I carry too much pain. The person who birthed me didn’t want me and told me I was worthless, from a young age, as early as I can remember. There are not words enough to describe the amount of negativity that was heaped on me for so many years. And there is no way to describe how deeply embedded in my psyche is the pain. Without even getting into the physical abuse, I’m already too full of pain to comprehend it.
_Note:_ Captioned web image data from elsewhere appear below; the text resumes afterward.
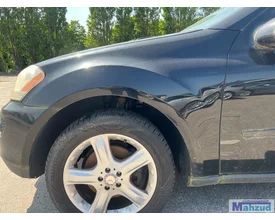 mercedes-ml-w164-zwart-links-voorscherm-2005-2011
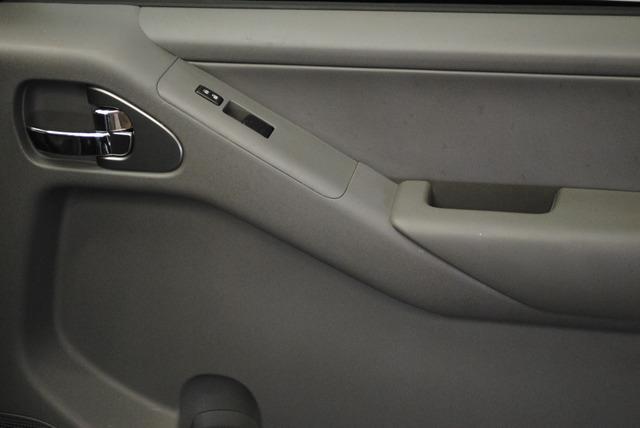 Nissan Frontier 2012 photo 3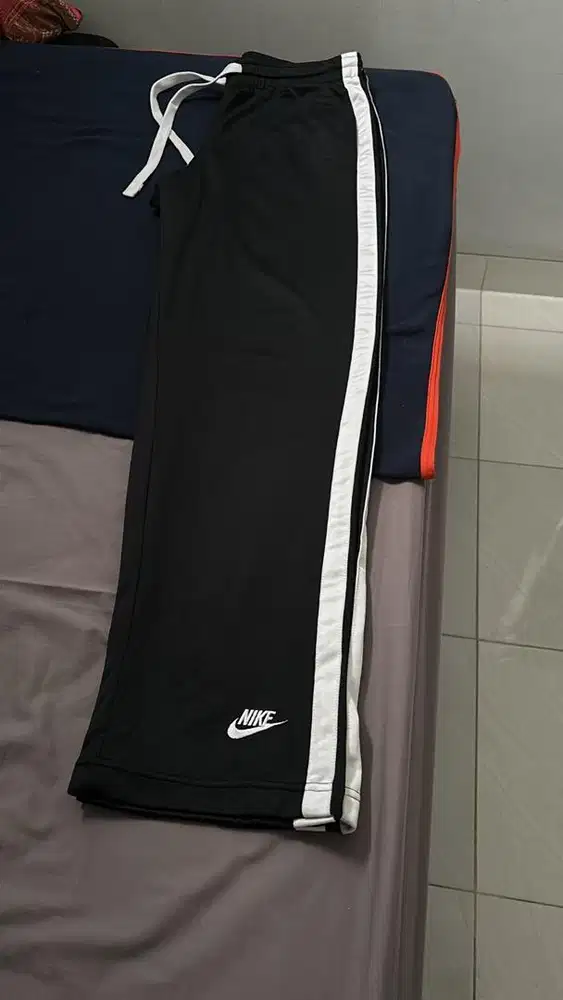 Celana Training Nike Hitam List Putih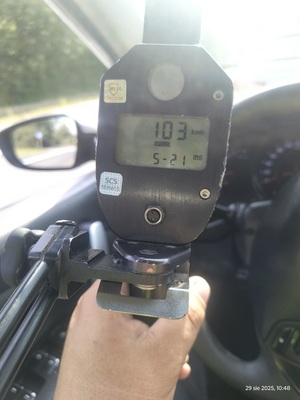 zdjęcie wyświetlacza urządzenia do pomiaru predkości, na którym widnieje wartości 103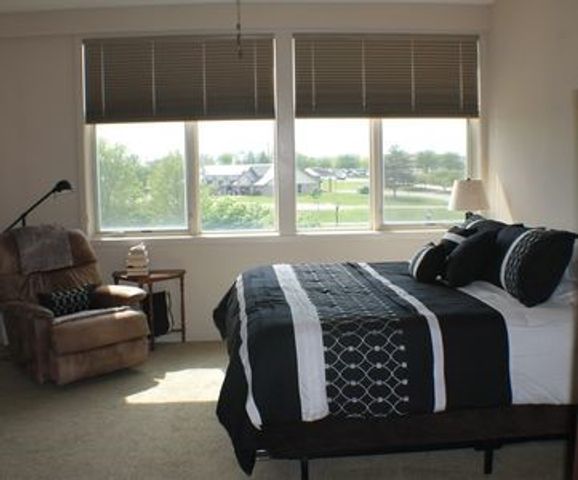 640 S 50th Street 2213, West Des Moines, IA 50265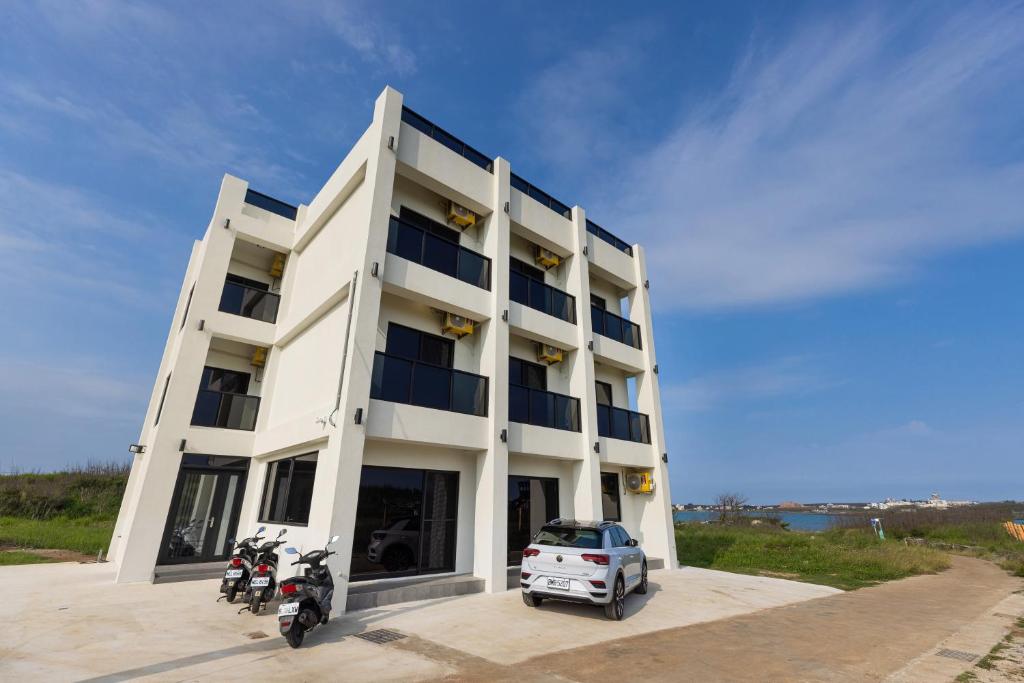 Yonezawa Guest House, Magong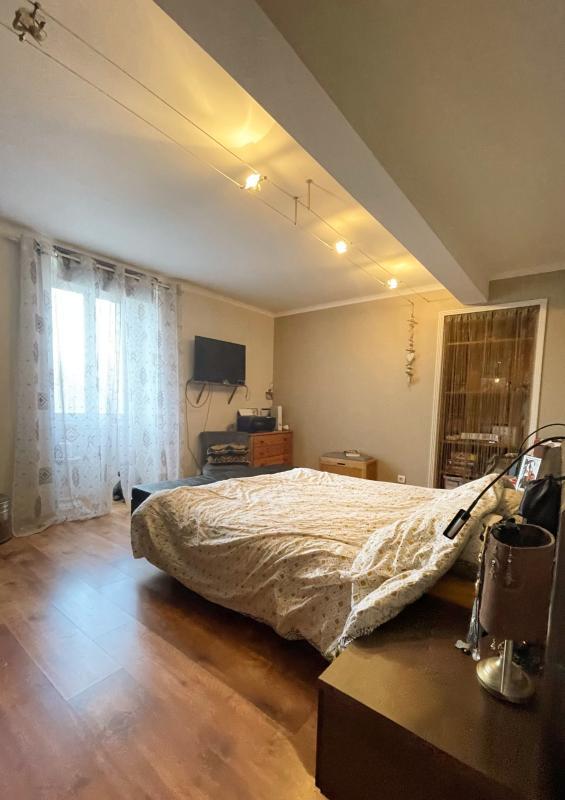 Maison de village - 90 m² - 4 pièces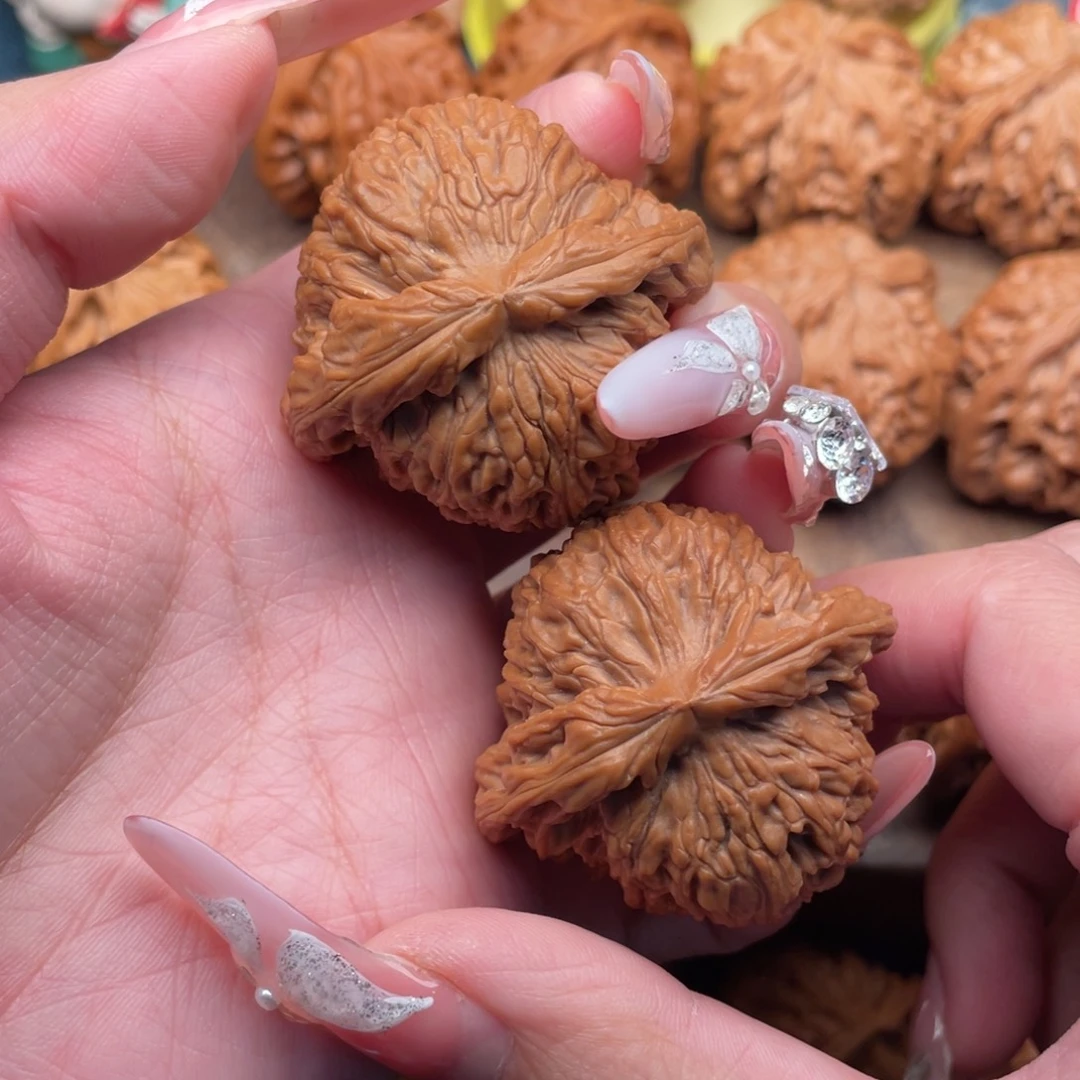 把件文玩核桃全品精配红皮粗棱南疆45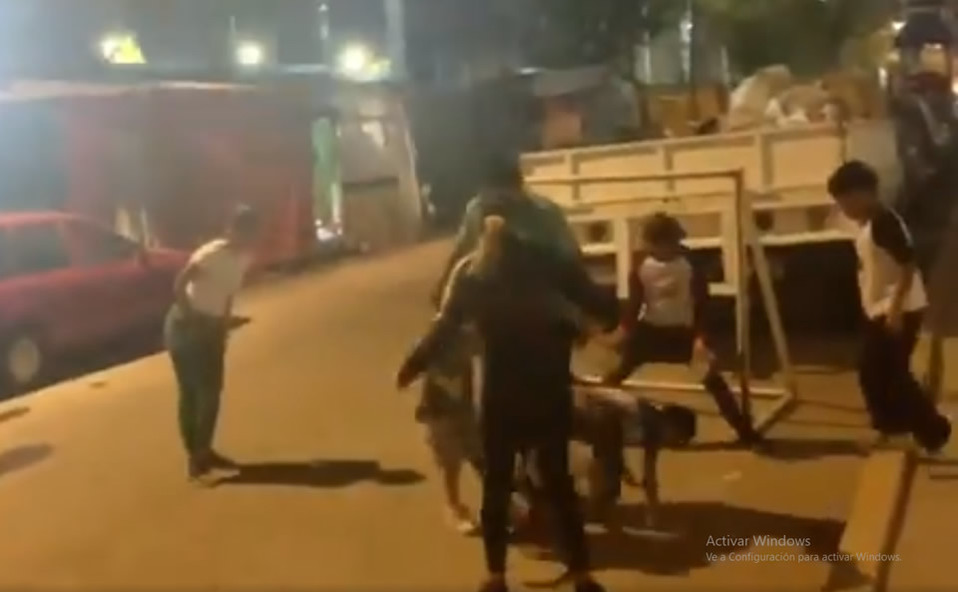 Jugadoras del América se echan una cascarita con niños en la calle
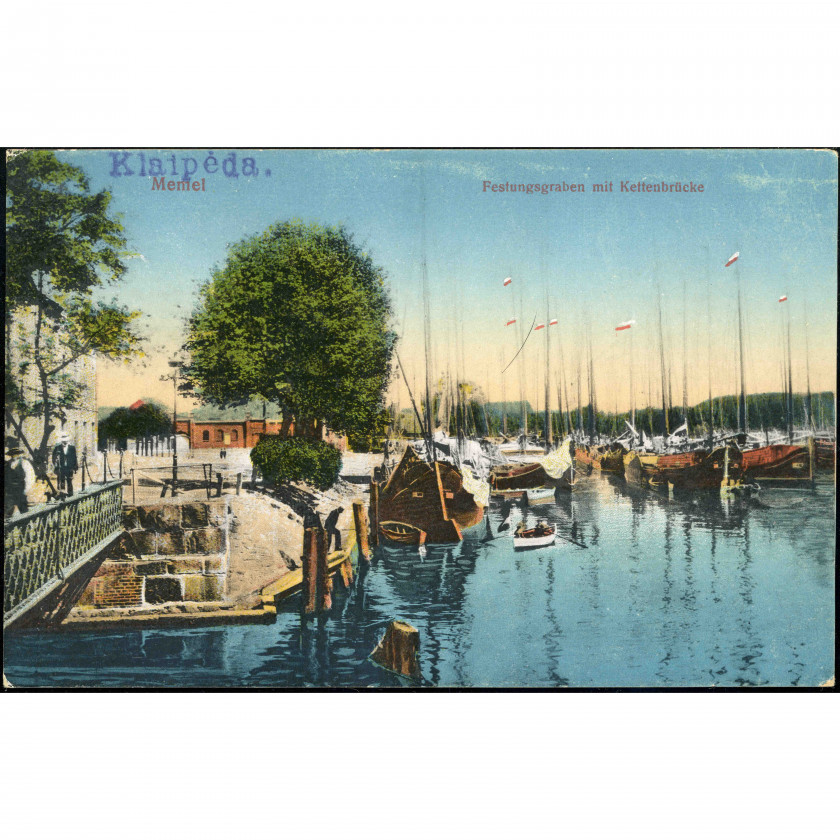 Klaipēda (Mēmele) (Lietuva) — Cietokšņa grāvis ar ķēžu tiltu (Festungsgraben mit Kettenbrücke), periods: 1920.–1930. gadi, izdevējs: Lit. Jugendbundbuchhandlung, Tilsit—Memel (aizmugurē zīmogs: Alfredas Mitris, Šiauliai).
When I first started having panic attacks, first experienced that all-consuming terror, I wondered why it was all so damned familiar. I couldn’t comprehend why I felt like I knew this, recognised it… WHY? And then I realized that I had felt like this before; for all the years that I was abused I felt this constant terror, in a muted sense. It got to the point where I was utterly used to it, similar to how you become habituated to the whirring of the fan or the sound of the rain. It was there, but I didn’t really notice, almost took it for granted. It’s been there ever since, and last night it all blew up in my face. Again. Suddenly I was four years old again, and totally immobilized by abject terror. I took my Ativan, but it didn’t seem to be working. It was still there, spreading slowly through my mind, causing me to shake with such force that my muscles were aching with the strain of it.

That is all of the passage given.